- _Work request_: Restate verbatim the span of lines below between the line with "Philips Domestic Appliances" and the line with "Bamboo Soap Dish", including those two lines, and only that span.
---------- Source data
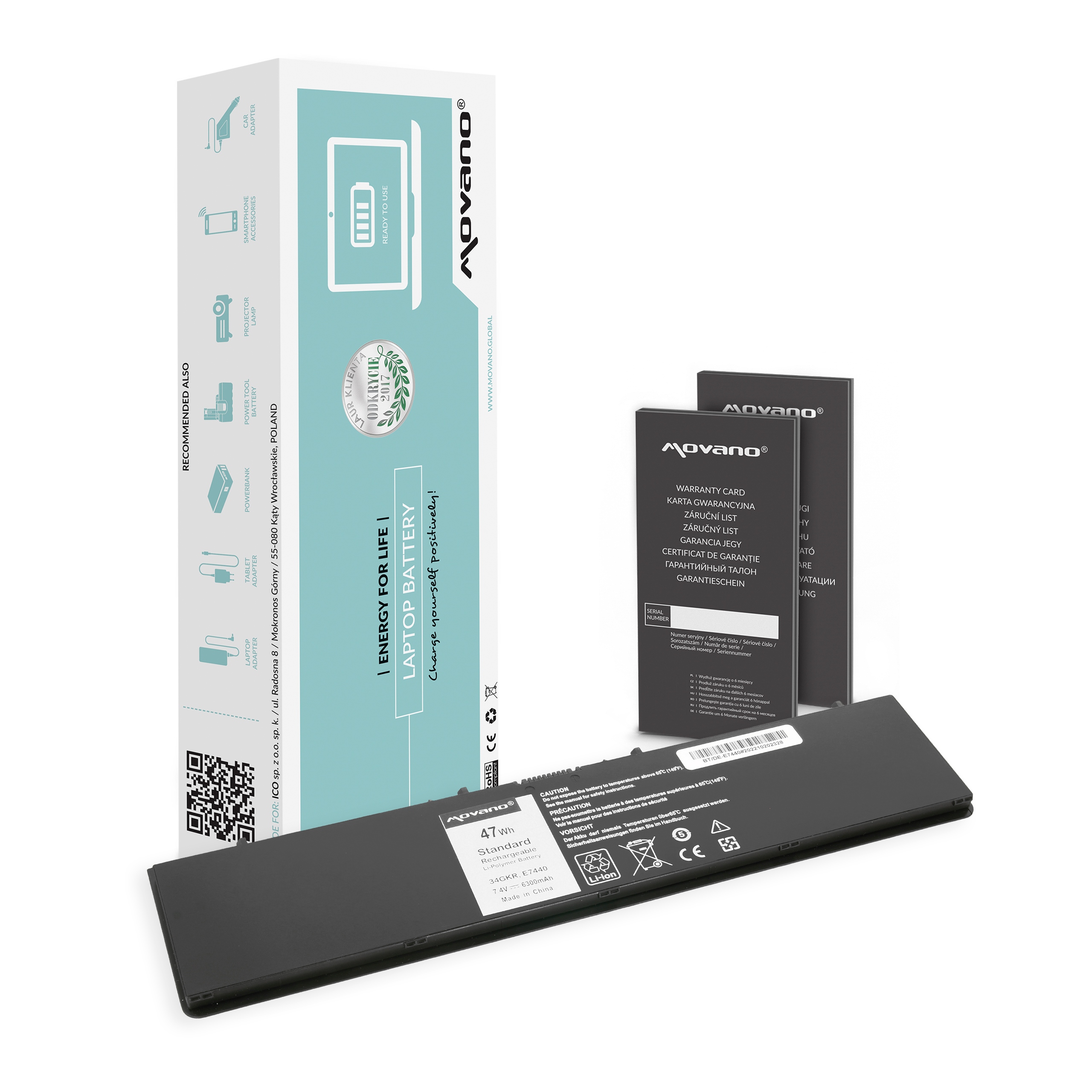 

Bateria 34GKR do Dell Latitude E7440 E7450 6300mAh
--------------------
---------- Source data
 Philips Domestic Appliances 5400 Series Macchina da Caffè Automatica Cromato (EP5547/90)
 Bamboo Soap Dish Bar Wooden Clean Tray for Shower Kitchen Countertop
--------------------
- _Task result_:
 Philips Domestic Appliances 5400 Series Macchina da Caffè Automatica Cromato (EP5547/90)
 Bamboo Soap Dish Bar Wooden Clean Tray for Shower Kitchen Countertop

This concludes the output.